» **Supplied material**:

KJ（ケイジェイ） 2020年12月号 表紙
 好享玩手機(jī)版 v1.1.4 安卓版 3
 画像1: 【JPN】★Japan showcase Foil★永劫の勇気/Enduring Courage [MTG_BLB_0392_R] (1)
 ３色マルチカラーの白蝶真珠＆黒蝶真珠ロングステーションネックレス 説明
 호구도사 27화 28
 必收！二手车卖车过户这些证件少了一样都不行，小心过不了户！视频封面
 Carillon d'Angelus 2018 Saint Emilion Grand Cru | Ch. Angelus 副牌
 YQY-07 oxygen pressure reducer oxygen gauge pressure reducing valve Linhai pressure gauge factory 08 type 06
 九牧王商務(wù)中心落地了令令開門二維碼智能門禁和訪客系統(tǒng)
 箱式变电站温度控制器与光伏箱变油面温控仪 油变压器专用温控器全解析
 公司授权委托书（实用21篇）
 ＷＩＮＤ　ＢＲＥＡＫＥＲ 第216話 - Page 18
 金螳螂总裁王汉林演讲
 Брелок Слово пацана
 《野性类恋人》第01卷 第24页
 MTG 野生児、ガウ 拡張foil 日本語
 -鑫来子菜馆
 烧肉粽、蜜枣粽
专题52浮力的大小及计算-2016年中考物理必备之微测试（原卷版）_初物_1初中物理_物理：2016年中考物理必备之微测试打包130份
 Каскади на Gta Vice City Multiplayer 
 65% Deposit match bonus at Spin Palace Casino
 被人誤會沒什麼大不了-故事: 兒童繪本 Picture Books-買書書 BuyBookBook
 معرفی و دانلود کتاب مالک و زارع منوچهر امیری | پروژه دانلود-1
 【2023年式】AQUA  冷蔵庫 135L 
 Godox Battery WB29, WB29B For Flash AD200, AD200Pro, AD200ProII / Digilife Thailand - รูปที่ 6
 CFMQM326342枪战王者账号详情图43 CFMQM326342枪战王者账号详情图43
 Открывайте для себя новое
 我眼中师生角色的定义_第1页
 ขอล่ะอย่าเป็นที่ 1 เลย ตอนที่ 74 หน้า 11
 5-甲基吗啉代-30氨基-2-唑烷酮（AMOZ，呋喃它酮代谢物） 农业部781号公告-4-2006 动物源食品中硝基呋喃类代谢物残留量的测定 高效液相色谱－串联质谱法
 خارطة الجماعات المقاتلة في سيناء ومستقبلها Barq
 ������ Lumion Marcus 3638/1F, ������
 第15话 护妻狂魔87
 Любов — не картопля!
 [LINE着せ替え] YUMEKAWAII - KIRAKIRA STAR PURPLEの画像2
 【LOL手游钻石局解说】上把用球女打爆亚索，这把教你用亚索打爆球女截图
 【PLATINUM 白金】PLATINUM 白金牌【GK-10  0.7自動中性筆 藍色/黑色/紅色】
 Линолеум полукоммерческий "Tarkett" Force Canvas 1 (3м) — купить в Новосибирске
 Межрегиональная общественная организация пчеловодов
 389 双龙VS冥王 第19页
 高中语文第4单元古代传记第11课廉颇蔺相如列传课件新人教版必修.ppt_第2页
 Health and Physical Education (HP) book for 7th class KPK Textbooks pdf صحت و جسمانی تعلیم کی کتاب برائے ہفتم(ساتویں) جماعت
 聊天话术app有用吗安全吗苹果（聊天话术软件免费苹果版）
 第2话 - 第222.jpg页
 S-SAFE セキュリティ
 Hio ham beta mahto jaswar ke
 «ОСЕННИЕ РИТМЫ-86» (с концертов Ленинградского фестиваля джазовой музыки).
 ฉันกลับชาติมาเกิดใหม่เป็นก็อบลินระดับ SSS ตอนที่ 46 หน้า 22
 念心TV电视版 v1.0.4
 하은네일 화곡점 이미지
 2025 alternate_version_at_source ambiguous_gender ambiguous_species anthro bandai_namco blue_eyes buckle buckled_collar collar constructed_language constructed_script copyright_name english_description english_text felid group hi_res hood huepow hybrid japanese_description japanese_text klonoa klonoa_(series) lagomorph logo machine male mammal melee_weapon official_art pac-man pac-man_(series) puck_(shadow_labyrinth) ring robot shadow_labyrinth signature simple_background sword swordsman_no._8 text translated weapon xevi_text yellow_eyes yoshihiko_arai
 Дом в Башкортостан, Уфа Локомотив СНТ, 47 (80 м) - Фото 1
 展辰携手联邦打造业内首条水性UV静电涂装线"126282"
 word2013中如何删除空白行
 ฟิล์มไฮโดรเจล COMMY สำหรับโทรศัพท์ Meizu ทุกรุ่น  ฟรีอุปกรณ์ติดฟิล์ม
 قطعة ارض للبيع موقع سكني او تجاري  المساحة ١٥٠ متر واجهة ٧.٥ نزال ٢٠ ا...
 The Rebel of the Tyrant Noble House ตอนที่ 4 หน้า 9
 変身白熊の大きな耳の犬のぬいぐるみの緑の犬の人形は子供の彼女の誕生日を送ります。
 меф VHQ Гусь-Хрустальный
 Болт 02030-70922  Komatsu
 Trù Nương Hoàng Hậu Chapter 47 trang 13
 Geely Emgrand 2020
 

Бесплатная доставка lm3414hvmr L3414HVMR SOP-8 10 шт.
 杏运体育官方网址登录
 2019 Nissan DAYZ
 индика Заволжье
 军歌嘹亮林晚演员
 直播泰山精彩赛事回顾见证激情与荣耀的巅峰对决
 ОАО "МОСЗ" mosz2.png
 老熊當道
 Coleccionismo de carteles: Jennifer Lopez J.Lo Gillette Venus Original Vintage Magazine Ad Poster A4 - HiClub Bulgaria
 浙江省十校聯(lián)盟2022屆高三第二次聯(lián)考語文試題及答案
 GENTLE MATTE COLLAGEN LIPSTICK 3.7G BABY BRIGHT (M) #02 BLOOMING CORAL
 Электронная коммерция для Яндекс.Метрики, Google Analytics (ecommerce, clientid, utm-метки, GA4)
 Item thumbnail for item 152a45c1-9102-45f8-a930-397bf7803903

» **Aim of the exercise**: All lines above from the one containing "被人誤會沒什麼大不了-故事: 兒童繪本 Picture" to the one containing "Godox Battery WB29, WB29B" must be repeated exactly, both lines included, and no others.

» **Task result**:
 被人誤會沒什麼大不了-故事: 兒童繪本 Picture Books-買書書 BuyBookBook
 معرفی و دانلود کتاب مالک و زارع منوچهر امیری | پروژه دانلود-1
 【2023年式】AQUA  冷蔵庫 135L 
 Godox Battery WB29, WB29B For Flash AD200, AD200Pro, AD200ProII / Digilife Thailand - รูปที่ 6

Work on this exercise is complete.